*** Opening of Information shown ***

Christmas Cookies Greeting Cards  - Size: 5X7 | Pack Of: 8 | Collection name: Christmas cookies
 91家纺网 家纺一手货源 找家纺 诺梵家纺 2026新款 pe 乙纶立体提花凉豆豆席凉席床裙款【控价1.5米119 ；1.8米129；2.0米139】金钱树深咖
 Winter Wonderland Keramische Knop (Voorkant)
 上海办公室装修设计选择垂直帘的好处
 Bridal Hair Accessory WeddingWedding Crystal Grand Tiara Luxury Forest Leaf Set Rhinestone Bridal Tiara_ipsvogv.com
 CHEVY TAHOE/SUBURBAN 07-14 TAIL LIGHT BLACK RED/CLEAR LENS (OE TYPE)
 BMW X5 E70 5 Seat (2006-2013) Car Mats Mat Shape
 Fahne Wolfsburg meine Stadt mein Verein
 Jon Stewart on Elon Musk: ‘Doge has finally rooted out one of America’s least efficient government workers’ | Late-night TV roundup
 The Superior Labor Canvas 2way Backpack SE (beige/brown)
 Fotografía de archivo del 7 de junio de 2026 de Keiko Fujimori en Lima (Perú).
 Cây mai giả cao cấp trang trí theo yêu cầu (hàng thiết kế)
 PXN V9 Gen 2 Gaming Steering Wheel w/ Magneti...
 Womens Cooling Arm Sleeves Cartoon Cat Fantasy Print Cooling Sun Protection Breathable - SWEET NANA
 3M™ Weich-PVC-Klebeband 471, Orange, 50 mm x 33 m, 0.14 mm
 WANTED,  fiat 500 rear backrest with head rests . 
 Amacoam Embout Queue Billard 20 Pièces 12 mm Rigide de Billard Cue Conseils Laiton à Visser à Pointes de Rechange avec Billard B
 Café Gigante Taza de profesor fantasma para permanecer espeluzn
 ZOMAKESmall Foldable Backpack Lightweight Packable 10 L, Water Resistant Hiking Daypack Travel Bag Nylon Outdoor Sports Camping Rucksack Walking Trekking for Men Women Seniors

*** Close of Information shown ***

Exercise aim:
Wherever a line in the data above contains the word "Backpack", copy that line.

Answer to this exercise:
 The Superior Labor Canvas 2way Backpack SE (beige/brown)
 ZOMAKESmall Foldable Backpack Lightweight Packable 10 L, Water Resistant Hiking Daypack Travel Bag Nylon Outdoor Sports Camping Rucksack Walking Trekking for Men Women Seniors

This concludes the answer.